Yesterday, a group of our Young Lives leaders threw a fundraiser for our upcoming camp trip. They had games, music, and food; they charged a Q1 (about 10 cents) entrance fee, then charged for games

The Slushy Machine.

and food. The leaders made tostadas with guacamole, dobladas, mixtas, and slushies (translated from Spanish to English = goodness).

Let me take a second and describe to you what goes into making a slushie in Zone 3 of Guatemala City. The machine has a hand crank with a series of gears and a grinder on the end. Below the grinder sits a big chunk of ice. After a few minutes of hand cranking, you find a nice snowball – transfer the snowball to a cup, add syrup, and the slushy is ready to be served!

I’m not sure why, but I was intrigued by this slushy machine.

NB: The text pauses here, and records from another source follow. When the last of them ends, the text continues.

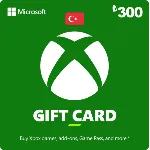 Карта Xbox Live на 300 турецких лир
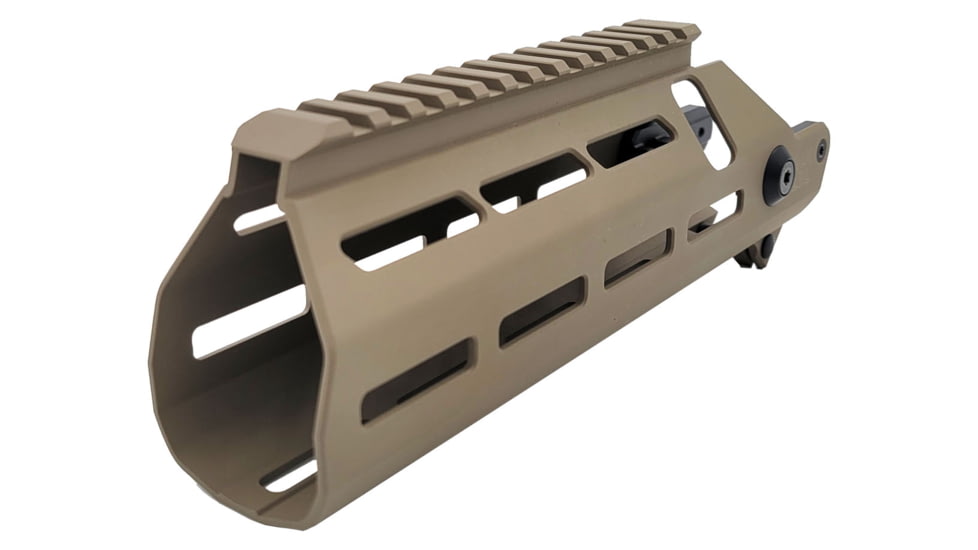 Desert Tech MDRX BLK LBL ALX 16 Handguard, no bipod, FDE, ACC0283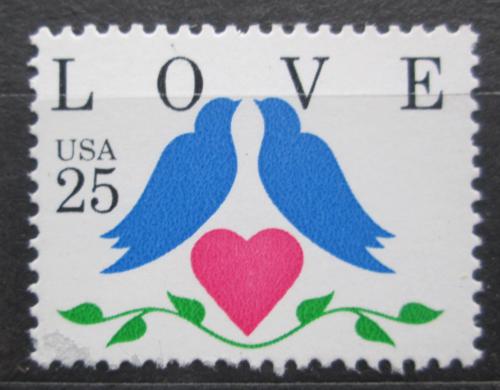 Poštová známka USA 1990 Láska Mi# 2073 A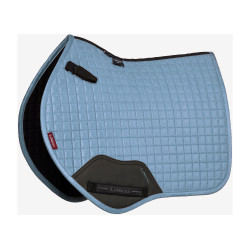 Tapete LeMieux Reflective Suede Close Contact Square Azul gelo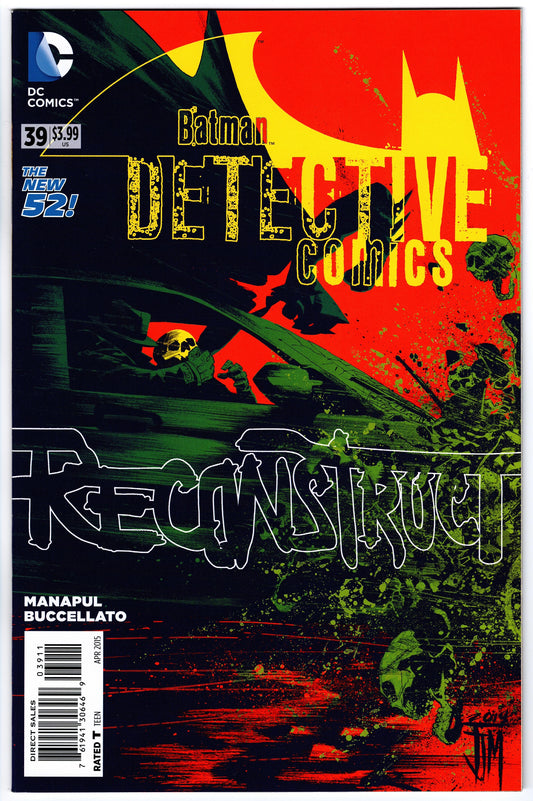 Detective Comics #39 - New 52!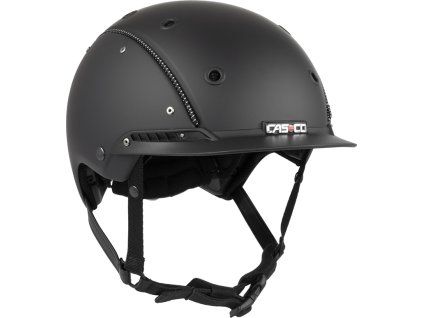 Prilba Champ-3 CASCO, čierna (Obvod hlavy 58-62 cm	)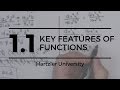 Key Features of Functions in Algebra 2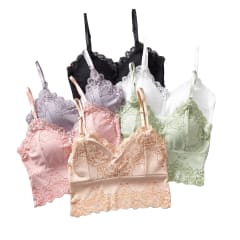 BRALETTE ENCAJE | 12 UNID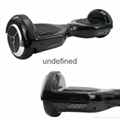 2 wheel self balancing electric standing scooter with LED light 5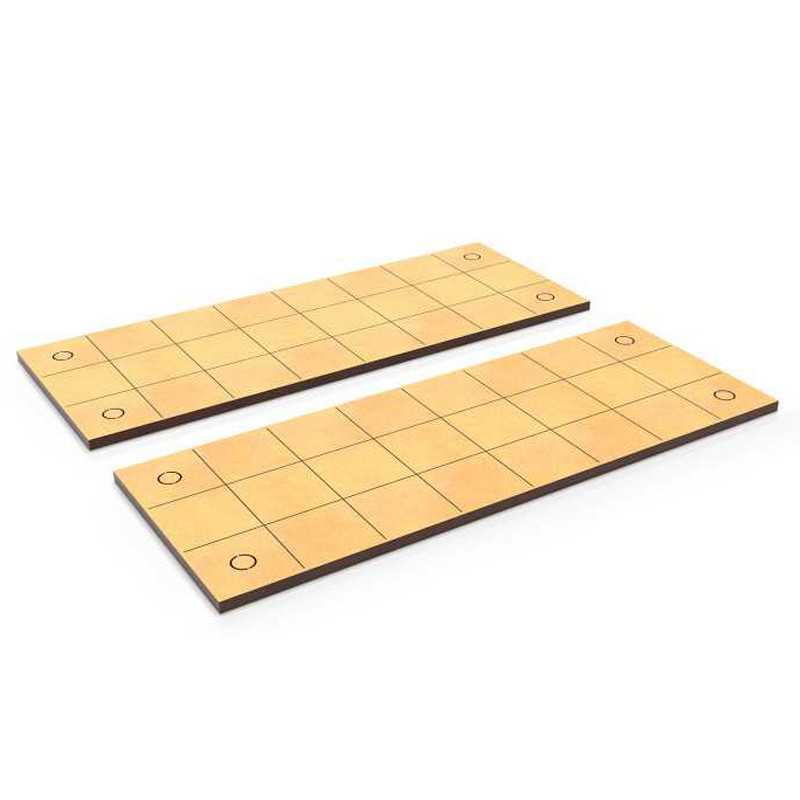 Vassoi di Movimento MDF - Quadrate Slimfit 160x60mm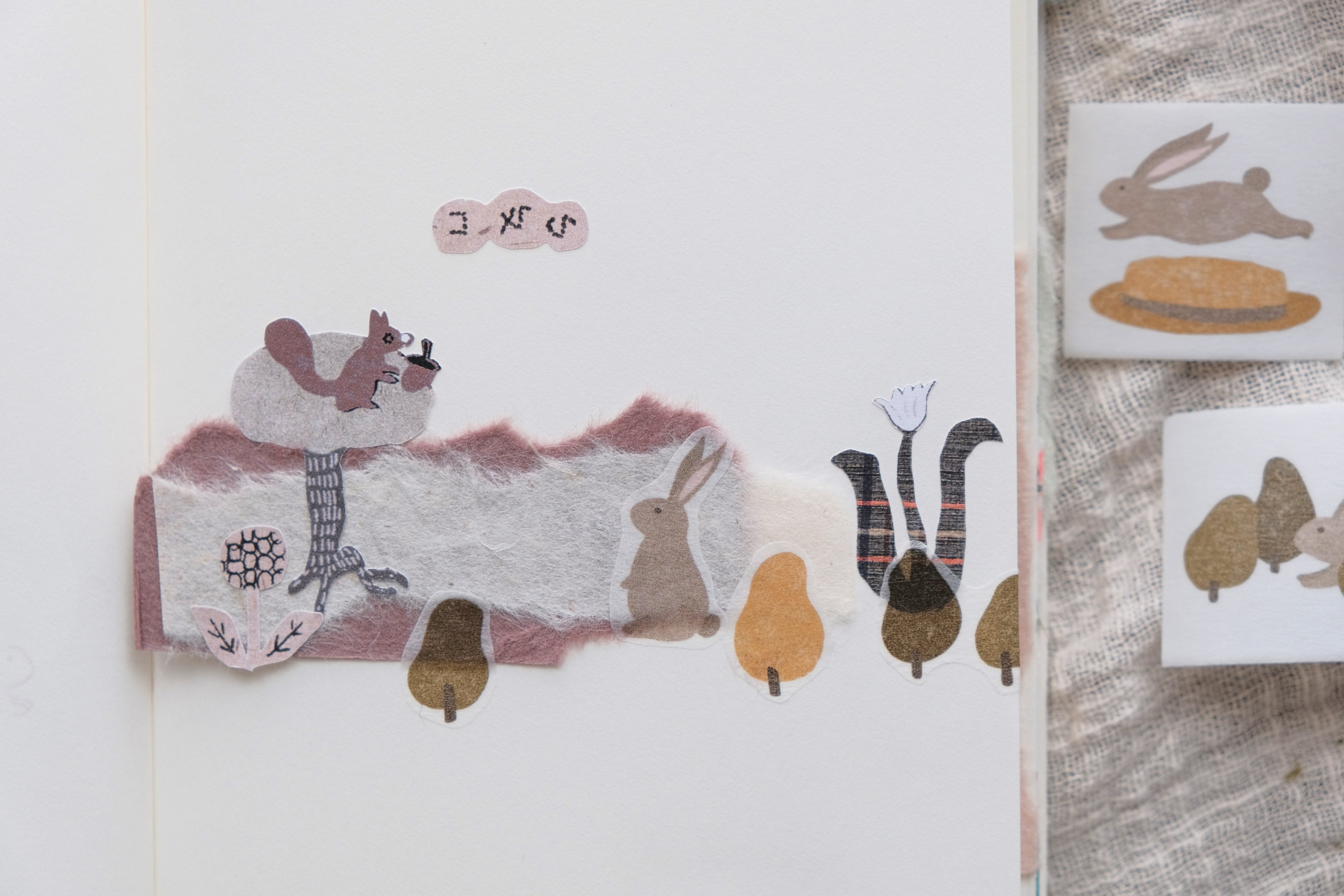 bighands Washi Tape- Rabbit & I (2 designs)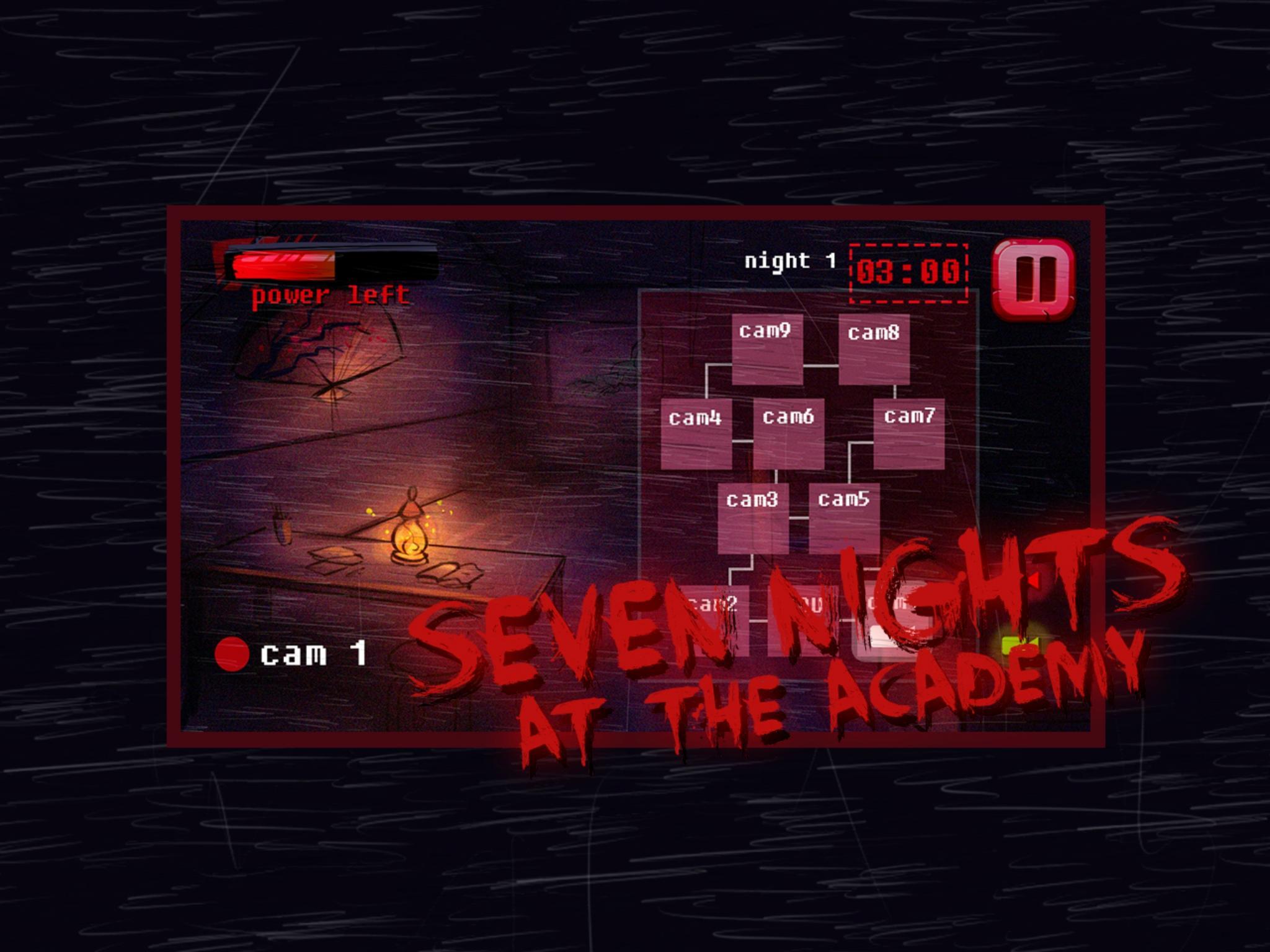 Seven night s at school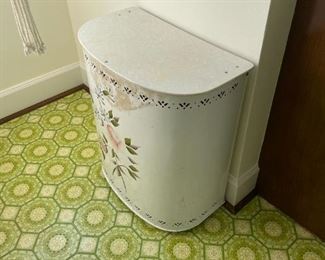 . . . a vintage hamper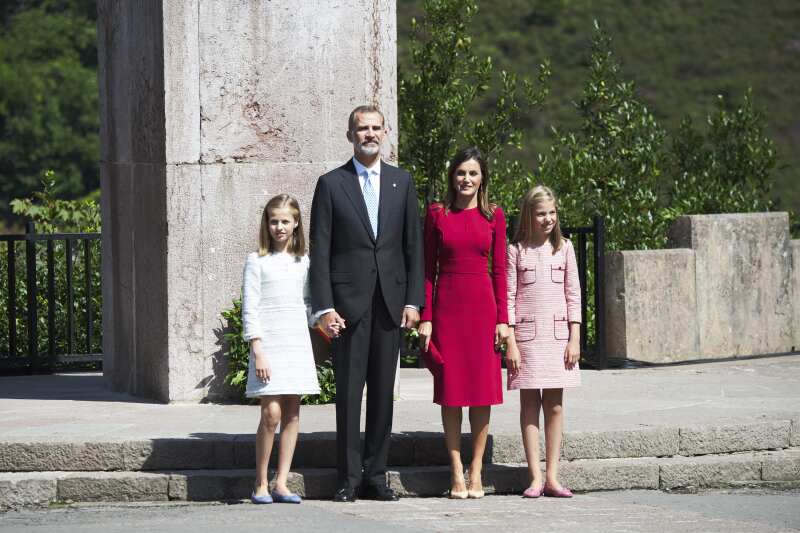 Así fue el debut de Leonor como princesa de Asturias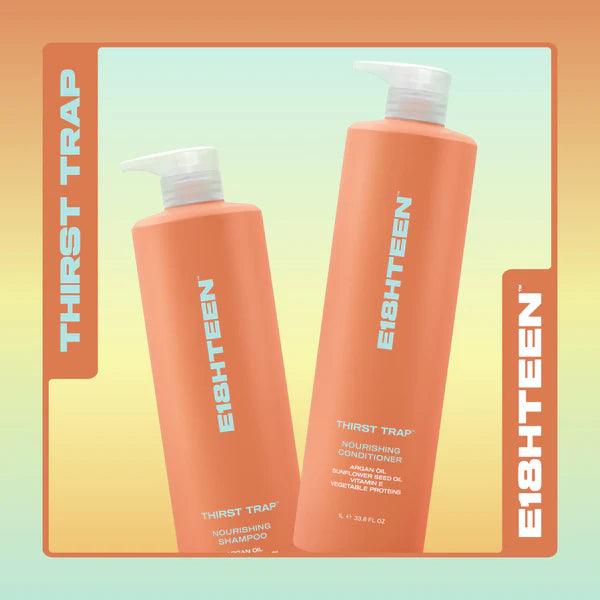 E18HTEEN - Thirst Trap Nourishing Shampoo 1000ml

In part, I think my intrigue stems from nostalgia – I ate a slushy after almost every little league softball game from age 5 to 13. That’s a lot of slushies and a significant part of my childhood.

But I also think that this machine represents many of my experiences and relationships in La Zona 3. Things aren’t done exactly how I’m used to, but that isn’t a bad thing. Things that others count as old, worn out, or useless are recycled and put to great use. Beauty and goodness can come from the most unexpected places. Simple pleasures can put a smile on anyone’s face.

As I left the fundraiser I saw two sisters, 7 and 9, walking back towards their homes – they stepped around a few drunk men sitting on the curb, they walked quickly past a group of teenage boys, but they had their slushies in hand and sticky slushy juice plastered on their smiling faces.

That’s the beauty of a slushy.

That’s how I experienced grace through a slushy machine.